Sewage pipes are being laid in Pondhead Inclosure until December restricting access to the paths. More details here.
Starting at the iconic Bolton’s Bench on the edge of Lyndhurst, this walk cuts through Pondhead Inclosure and forest woodland before returning across the vast open expanse of White Moor.
From the Bolton’s Bench car park, walk up the slope to the famous bench.
The small mound with distinctive trees on top is named after the Duke of Bolton, who held the office of Master Keeper of Burley Baliwick in the 18th Century. The hill is a natural sandy mound rather than man-made.
Keeping the cricket pitch to your right, walk across the grass to the Bolton’s Bench East car park and join the path heading on to the ridgeway. Shortly after the GPS marker, take the path to the right, down the hill to Beaulieu Road.
Cross the road and head through the gate in to Pondhead Inclosure.
Continue on the path past some of the hazel copicing done by the Pondhead Conservation Trust. The inclosure has not been grazed by animals for centuries so has a rich array of flora, birds and butterflies. In spring, this area is a sea of bluebells before the trees are fully in leaf and the sunlight is able to reach the forest floor. Also along the path, look out for Balanos – a dragon carved into a fallen tree trunk.
Follow the path straight through the inclosure until the gate on to Beechen Lane and follow the length of the lane through Park Ground Inclosure.

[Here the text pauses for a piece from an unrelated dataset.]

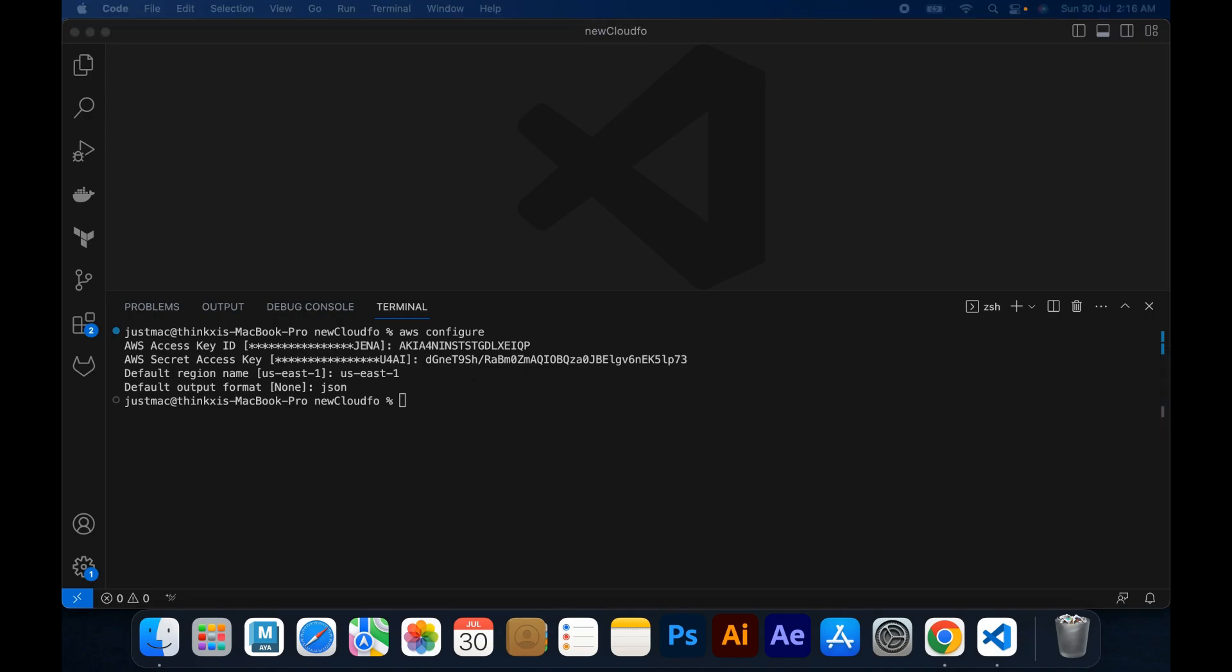CloudFormation comes with AWS Management Console, so there is nothing additional to install. To use CloudFormation, you'll work with templates written in YAML or JSON format. You can create templates manually or use AWS-provided sample templates as a starting point. Templates can also be stored on AWS S3 or hosted on GitHub. So let's get started.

At the end of Beechen Lane, turn left and go through the gate in to Little Holmhill Inclosure. This will eventually taking you down a hill, crossing a stream before climbing again to meet Beaulieu Road.
Cross the road and join the narrow track taking you back across the moor, parallel to the road, to Bolton’s Bench.
The vast open heathland to your right was used as for military training for soldiers before they headed to France during World War One and old ordnance is occasionally found on the moor.
You’ll see as far as Southampton docks and Ashurst to the east. Also on the skyline is the distinctive Georgian mansion, Notherwood House, and the spire of St Michael’s and All Angel’s Church in Lyndhurst as you walk back towards the village.
This circular walk can be completed in either direction.Download GPX
- Bolton’s Bench car park
- Bluestar Bus 6 stops in Lyndhurst
- New Forest Tour Green and Red routes stop in Lyndhurst
Food and Drink
- Pubs and cafes in Lyndhurst
Mainly gravel tracks which are generally passable, but the track across Whitefield Moor is very sandy and could be difficult following wet weather conditions.